La aldaba
Carlos Navarro Antolín
Los 30 elegidos por Carlos Herrera
De la escombrera de libros del mercado del Tiro de Línea rescatamos un curioso opúsculo del ya desaparecido Julio M. de la Rosa. Es un librito modesto de la colección Cosas de Sevilla, publicado por el Grupo Andaluz de Ediciones y con un título desmesurado para su breve contenido: La narrativa. En realidad, se trata de un brazado de artículos sobre los novelistas de Sevilla a finales de lo setenta y principios de los ochenta del siglo pasado (qué extraño se hace usar esta fórmula estereotipada para nombrar a nuestro convulso, querido y añorado siglo XX, la centuria de la juventud del mundo, segundos antes de que, como dijera el maestro Luis Carlos Peris, llegase la “moda esa de internet”). Sigamos. Encontramos en estas páginas nombres conocidos y leídos –algunos más que otros–: los Manueles Halcón, Barrios y Ferrand, Alfonso Grosso, Aquilino Duque, José María Requena, Bernardo Víctor Carande, Antonio Burgos, Vaz de Soto; pero también constan otros cuya existencia ignorábamos y ahora nos proponemos localizar en cualquier montón de alguna de las muchas librerías de viejo que siguen dando su pátina de ciudad culta y altiva a Sevilla: Federico López Pereira, José Leyva, Eduardo Tijeras, Manuel Salado... En general, el librillo, que se lee en una tarde y aun sobra tiempo para una merendola de obispo cunqueriano, es un canto de amor a la novela. El propio Julio Manuel (lo estoy viendo en el pequeño, oscuro y ahumado cuarto donde escribía en su piso de Los Remedios) fue un consumado escritor de este género que obsesionó a los autores de aquellos años de narraluces y adictos al boom, pero que hoy anda arrastrado por el suelo debido a las nefastas políticas de los premios literarios de las grandes editoriales y a la general falta de ambición de la mayoría de sus cultivadores.

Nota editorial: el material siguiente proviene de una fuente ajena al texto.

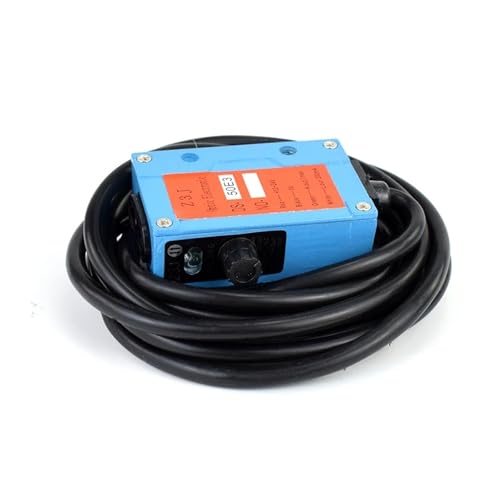 Sensor entladung Z3J-DS50E3 elektrische auge lichtschranke tasche, der maschine sensor Sensor entladung Z3J-DS50E3 elektrische auge lichtschranke tasche, der maschine sensor von CIJIAOPOYU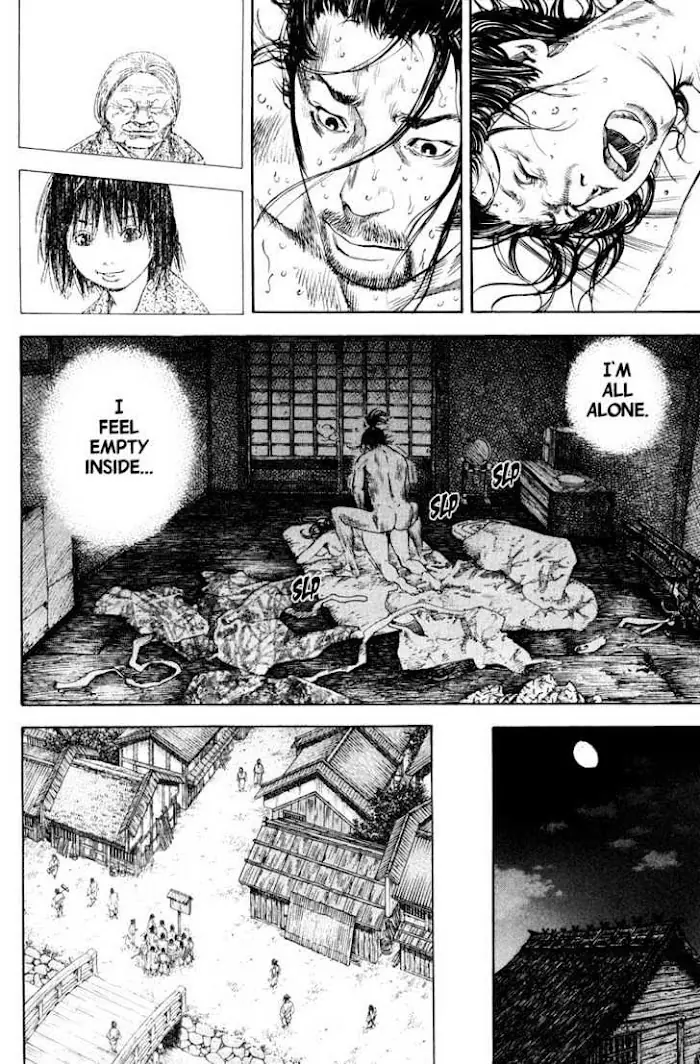 Vagabond Chapter 180 image 33_optimized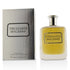 Trussardi Riflesso EDT For Men 100ML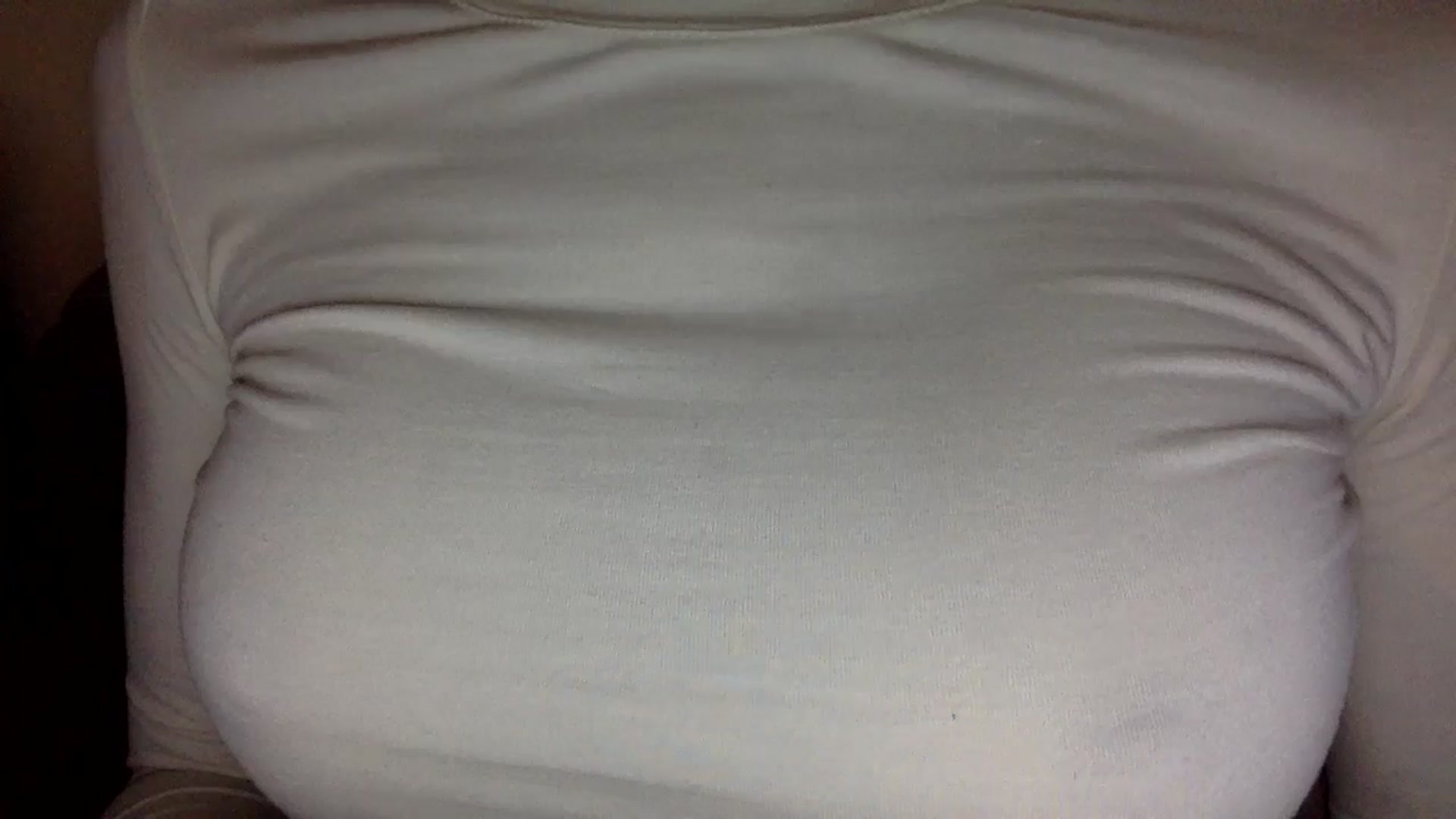 Gallery image thumbnail from EgoisticKitty's myfreecams stream on, 11/06/2024, 08:05 image 17 of 20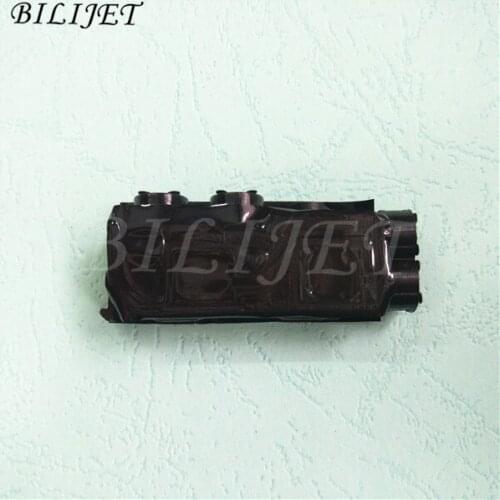 3880 UV ink damper printhead Damper For Epson 3880 3800 3850 3890 3885 B-300DN 500DN 308DN 508DN printer dumper filter 5pcs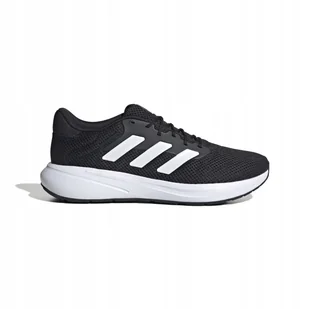 Męskie Buty do biegania Response Runner U 46 2/3 - Buty sportowe męskie - miniaturka - grafika 1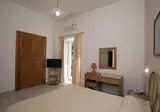 Hotel Il Nespolo foto 5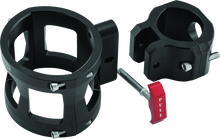 Load image into Gallery viewer, User 1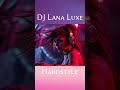 HARDER! ATTACK THE DANCEFLOOR! Brutal Hardstyle Mix 2025 | Aggressive Bass Drops #shorts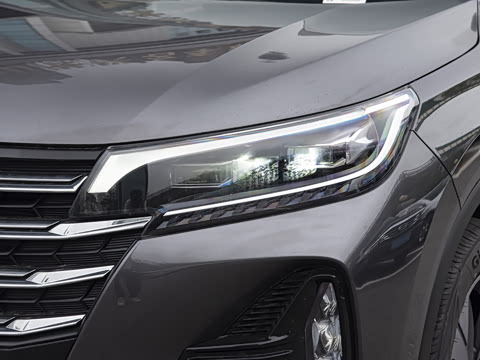 2023�� 270T �Զ����пƼ���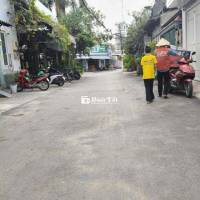 hoa hông 1% gửi anh em dẫn khách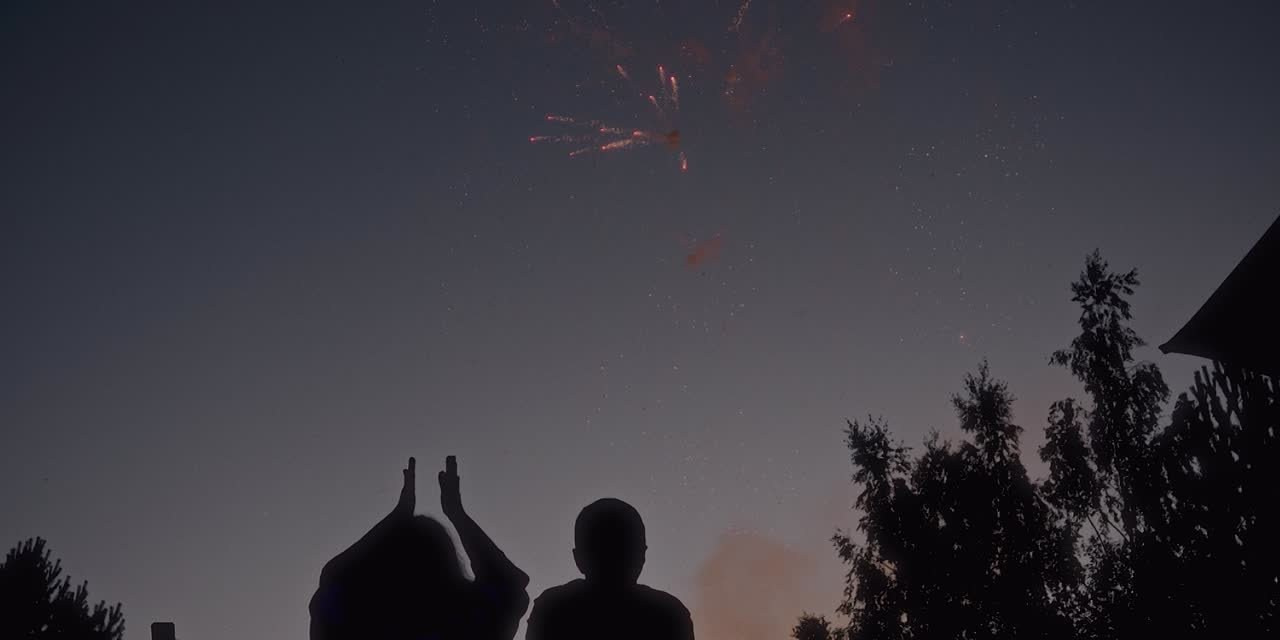 EVENT. Видеограф Сорокин Михаил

Pero no quería hablar hoy de esas cosas mundanas, sino de una figura fantasmal y enigmática a la que Julio M. de la Rosa apenas dedica unas líneas que, sin embargo, son lo mejor de estas páginas. Nos referimos a la catalana y afrancesada Paulina Crusat, mezcla de Virginia Woolf y Marcel Proust, a quien El Cejas (tal era el mote del autor en la Escuela de Nuevas Profesiones) recuerda escribiendo solitaria en una mesa del Coliseo o dando largos paseos por la Avenida de la Palmera, que aún era una larga perspectiva de villas y chalets sin los mamotretos que recientemente se han construido a mayor gloria del pelotazo urbanístico. Cómo esta “embajadora de las letras catalanas” (así la llaman en el Diccionario Biográfico de la Real Academia de la Historia”) terminó viviendo y muriendo en Sevilla es algo que desconocemos, pero siempre es grato saber que tenemos un nuevo espectro al que perseguir. Uno más.